Is Trump a tyrant or a savior? Maybe just a bumbler
If you confine yourself to the mass media, you won't find many dissenters from a binary view of President Trump's second first hundred days. His hyperactive start is either an overdue and necessarily bruising overhaul of America's corrupted institutional framework, a revolution against a failed establishment, or else the most menacing arrogation of executive power in the history of the republic, a series of giant steps toward complete authoritarian takeover.
But I wonder if there isn't an emerging mass of people for whom the bigger question isn't whether their president is a savior or a tyrant, but whether this man and this team are really capable of pulling off a project so bold and ambitious—whatever the intent. The important question may not be whether they are encouragingly redemptive or bottomlessly malevolent but whether they are simply incapable.
To be sure, the grand task they have set for themselves—remaking the American and global order of the past few decades—would have been a stretch for a team of brilliant strongmen with the political genius of Machiavelli and the ruthless efficiency of the Spanish Inquisition.
Mr Trump's immediate principal goals were laudable and commanded widespread approval: close the porous border, downsize a bloated government, end the woke lunacy that has had most of our establishment in its thrall, restore American strength in the world.
But identifying goals is the easy part. Achieving them is a different matter. This exercise requires successful fights with entrenched, powerful interests in a diverse and pluralist country—and world.
In their multifront 100-day war, the Trump team has taken on, in no particular order, the courts, leading universities, most of the media, much of the legal profession, the bond markets, the currency markets, the equity markets, the world's second-largest economy and second most powerful geopolitical force, the global system of alliances, and the global economic system.

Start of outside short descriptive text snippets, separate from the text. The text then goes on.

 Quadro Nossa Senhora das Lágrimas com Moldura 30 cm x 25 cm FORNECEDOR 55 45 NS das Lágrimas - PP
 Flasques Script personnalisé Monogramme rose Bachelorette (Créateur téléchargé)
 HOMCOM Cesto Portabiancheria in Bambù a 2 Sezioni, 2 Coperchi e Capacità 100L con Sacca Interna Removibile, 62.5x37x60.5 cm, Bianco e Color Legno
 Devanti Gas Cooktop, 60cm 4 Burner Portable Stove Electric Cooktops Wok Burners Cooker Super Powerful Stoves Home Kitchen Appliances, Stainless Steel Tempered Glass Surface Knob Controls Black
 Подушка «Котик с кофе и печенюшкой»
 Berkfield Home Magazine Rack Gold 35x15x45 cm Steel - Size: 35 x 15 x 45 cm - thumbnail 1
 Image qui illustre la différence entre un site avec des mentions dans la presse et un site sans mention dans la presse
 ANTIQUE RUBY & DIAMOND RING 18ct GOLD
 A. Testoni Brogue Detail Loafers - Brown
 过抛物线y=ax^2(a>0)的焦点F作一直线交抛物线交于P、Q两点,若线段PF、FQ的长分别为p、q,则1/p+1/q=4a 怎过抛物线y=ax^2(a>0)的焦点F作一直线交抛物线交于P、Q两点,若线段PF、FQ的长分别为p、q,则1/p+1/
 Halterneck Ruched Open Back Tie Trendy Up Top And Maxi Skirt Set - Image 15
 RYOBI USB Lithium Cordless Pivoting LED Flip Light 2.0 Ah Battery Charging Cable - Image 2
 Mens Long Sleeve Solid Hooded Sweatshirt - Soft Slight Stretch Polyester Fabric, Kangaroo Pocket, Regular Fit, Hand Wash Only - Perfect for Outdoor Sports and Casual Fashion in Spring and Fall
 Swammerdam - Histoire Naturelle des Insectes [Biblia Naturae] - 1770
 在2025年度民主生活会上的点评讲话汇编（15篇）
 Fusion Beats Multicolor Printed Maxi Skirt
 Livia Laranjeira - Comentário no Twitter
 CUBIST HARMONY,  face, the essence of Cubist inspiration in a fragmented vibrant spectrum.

The theory behind the blitzkrieg approach is that its boldness is its principal guarantee of success: that by flooding the zone you keep enemies off balance and disoriented by the sheer energy, demoralized by the sheer ambition. But you do have to execute. The evidence is accumulating that this war is less Blitzkrieg than Blunderland.
The Department of Government Efficiency has, as many of us suspected it would, delivered a mouse to challenge the mountain of U.S. government spending. The effort to revive American manufacturing is harming American manufacturing. Changing the rules of the international economy has proved hard: We still await even one of those vaunted trade deals from supplicant foreigners. Ending the war in Ukraine hasn't happened—but we have managed to alienate just about every partner we have. We may at least be edging closer to a bold new Iranian strategy—but it seems to be a retread of Barack Obama's failed strategy. Not only is there no evidence that China has been cowed by any of this, but it also seems the People's Republic of Harvard now likes its chances against the federal government—helped by the report that a blundering administration accidentally pressed send.
To give credit where due, immigration restrictionism has been a big success. Many of us may not like the price paid in legal chicanery and a dubiously necessary heavy hand, and the administration may yet have to choose between an outright constitutional crisis and looking weak if it backs down to the courts over its deportation efforts. But the law-enforcement efforts and the message sent to immigration scofflaws have begun to offset the damage done by years of open borders.
But elsewhere the impression is of escalating failure alongside escalating overreach. In its first few weeks the most striking difference between the second and first Trump administrations was a unity of purpose, a lack of internal dissent and an accent on execution. But two stories caught my eye last week for a more familiar picture of indiscipline and disarray.
First we learned from the Journal about the bizarre lengths to which the president's economic-policy advisers went to get Mr. Trump to pause his destructive initial global tariff plan, how they had to ensure that tariff fan Peter Navarro was out of physical range of the president to get Mr. Trump to issue a statement revising the plan.
Then there was the news of intensified internal fights at the Pentagon as three aides to Defense Secretary Pete Hegseth were ousted, one of whom took to social media to say they had been victims of 'baseless attacks" from colleagues.
I don't doubt the seriousness of intent with which the Trump administration is seeking to remake the political and cultural landscape. Nor do I disdain the fears of those who argue that the administration's expansive interpretation of its executive authorities represents a threat to the constitutional order.
The problem I have is that even as they overstep their limits, they seem to blunder deeper into the mire. Their biggest risk may be that voters will start to ask: What's the use of a strong man who can't do anything right?